Day three started with a visit to Byodo-ji, the temple to “heal people’s mental and physical illnesses equally.” After two full days of nonstop walking, my mind, body, and especially my feet were ready for some healing as the journey so far had been just as spectacular as it had been grueling.
“Vally of the Crabs” stood out as quite the unusual name for a path that led from the mountains to the sea. That was until, of course, I had to start minding my step so as not to crush any of the hundreds of tiny scuttling crabs that call the trickling steam that flows down the center of the Kaitani Pass home.
Reaching the coast was a reward in itself, as the azure seas of Tainohama Beach were a sight for sore eyes. Passing through a pleasant fishing village, I stopped at a mom-and-pop convenience store to grab some onigiri for lunch and sat along the pier with my legs hanging over the edge, occasionally getting a splash of mist from the feisty waves. As I ate, a curious weasel scurried past, stopping only for a second to see who this stranger was before carrying on his way.
Eroded by centuries upon centuries of the wind and the wake, light shines through the craggy ridge of Ebisudo Cave in a burst of serendipity. As I walked along the coastline towards the town of Hiwasa, turtle motifs frequent my gaze as, during the summer season, this atmospheric seaside town is the spot of choice for many sea turtles to lay their eggs.
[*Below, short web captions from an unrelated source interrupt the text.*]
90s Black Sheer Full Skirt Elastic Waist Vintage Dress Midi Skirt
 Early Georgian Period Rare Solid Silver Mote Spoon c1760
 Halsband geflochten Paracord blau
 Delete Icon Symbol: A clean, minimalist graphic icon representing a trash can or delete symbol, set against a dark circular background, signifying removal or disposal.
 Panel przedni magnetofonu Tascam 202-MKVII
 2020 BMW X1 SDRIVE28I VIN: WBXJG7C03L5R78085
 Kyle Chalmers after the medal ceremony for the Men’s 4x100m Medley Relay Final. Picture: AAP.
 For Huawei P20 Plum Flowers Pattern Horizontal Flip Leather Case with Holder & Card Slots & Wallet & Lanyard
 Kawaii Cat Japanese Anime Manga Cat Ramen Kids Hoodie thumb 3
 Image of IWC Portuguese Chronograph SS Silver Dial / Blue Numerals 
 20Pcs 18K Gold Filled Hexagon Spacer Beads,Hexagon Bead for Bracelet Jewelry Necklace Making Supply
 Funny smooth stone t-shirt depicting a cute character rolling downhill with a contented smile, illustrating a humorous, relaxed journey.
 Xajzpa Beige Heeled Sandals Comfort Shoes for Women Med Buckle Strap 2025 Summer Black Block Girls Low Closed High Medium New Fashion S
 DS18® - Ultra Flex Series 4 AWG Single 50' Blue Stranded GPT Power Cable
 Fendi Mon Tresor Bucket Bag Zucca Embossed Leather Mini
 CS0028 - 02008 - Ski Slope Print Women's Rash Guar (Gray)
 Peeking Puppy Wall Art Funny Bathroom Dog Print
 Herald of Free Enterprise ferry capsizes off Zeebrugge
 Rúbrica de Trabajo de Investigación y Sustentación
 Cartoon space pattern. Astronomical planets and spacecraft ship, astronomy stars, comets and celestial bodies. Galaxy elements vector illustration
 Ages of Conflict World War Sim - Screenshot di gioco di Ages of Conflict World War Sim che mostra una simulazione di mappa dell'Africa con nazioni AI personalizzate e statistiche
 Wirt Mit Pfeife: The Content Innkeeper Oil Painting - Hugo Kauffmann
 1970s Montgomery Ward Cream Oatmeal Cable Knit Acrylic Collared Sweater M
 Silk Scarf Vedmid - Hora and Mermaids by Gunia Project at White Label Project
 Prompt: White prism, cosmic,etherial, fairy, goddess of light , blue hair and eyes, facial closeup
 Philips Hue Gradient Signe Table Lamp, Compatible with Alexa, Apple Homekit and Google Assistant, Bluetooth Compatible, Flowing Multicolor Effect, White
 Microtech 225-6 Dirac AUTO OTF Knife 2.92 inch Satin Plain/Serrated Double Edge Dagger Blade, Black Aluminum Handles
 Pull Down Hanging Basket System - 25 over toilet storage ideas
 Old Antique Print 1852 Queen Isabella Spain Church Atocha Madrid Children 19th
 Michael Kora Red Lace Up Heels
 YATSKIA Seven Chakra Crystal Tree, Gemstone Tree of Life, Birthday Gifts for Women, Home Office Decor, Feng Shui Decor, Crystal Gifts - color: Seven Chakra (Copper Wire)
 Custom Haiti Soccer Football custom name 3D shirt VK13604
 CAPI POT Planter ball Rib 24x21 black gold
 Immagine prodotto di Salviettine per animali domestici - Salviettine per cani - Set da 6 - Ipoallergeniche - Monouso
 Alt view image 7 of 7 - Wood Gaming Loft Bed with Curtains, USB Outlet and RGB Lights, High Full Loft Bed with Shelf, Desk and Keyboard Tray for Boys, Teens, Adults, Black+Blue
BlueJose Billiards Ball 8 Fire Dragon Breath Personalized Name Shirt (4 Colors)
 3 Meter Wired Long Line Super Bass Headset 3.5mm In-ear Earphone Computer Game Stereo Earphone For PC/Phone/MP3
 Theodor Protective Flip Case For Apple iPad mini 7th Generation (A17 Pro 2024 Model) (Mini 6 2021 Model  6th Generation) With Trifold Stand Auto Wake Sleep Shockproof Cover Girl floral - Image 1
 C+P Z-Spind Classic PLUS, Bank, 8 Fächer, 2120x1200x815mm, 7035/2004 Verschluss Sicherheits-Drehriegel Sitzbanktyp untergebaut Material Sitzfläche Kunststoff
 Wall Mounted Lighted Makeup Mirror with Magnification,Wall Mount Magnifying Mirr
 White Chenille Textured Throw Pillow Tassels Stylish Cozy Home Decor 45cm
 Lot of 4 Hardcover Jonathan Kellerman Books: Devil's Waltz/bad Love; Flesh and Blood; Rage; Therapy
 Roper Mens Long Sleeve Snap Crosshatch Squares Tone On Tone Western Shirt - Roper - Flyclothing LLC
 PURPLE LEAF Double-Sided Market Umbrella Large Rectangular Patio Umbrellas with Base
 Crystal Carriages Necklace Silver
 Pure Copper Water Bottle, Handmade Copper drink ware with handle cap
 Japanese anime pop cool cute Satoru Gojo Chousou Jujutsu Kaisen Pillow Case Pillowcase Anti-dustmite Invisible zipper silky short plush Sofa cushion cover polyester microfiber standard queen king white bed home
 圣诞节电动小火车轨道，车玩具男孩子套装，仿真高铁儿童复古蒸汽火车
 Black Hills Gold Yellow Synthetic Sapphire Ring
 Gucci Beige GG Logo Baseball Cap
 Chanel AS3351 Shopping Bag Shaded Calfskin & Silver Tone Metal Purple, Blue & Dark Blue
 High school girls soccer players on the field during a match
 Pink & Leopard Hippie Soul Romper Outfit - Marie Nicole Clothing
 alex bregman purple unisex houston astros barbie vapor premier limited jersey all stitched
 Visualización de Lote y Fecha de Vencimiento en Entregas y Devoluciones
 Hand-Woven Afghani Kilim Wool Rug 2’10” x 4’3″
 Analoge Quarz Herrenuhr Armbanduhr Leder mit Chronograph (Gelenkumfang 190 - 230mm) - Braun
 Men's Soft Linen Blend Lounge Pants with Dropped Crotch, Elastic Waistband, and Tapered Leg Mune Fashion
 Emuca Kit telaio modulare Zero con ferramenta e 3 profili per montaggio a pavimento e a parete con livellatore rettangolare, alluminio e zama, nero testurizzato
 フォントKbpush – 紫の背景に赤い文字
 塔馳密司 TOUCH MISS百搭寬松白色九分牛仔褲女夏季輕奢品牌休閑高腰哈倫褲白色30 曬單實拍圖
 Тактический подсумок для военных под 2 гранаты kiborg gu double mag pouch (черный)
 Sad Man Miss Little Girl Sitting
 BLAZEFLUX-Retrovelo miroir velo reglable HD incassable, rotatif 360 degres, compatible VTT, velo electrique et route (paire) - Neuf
Finally reaching my last destination, the fiery red tower of Yakuo-ji peers down on me from atop its mountain perch. Having walked almost 73 kilometers over the last three days, the final climb to the top of the temple brings about both a burning sensation of pain and pride as victory is within my grasp. As I gaze out across the town and into the night, a wave of accomplishment ripples within me as while the journey ends here, these memories will last me a lifetime.
So why do we walk the Shikoku Henro?
So why do we walk the Shikoku Henro? For me, the Henro was three days of enervating walking, and by the end, I was putting everything into taking just one step. Despite this exhaustion, however, I gained a clairvoyant state of mind that pushed me to look past the state of my physical body and really appreciate the natural elements and the incredible world around me. This journey was no longer about me but about my place in the world. And while the experience in itself was incredible, the lessons I learned now exist as a permanent part of my everyday life.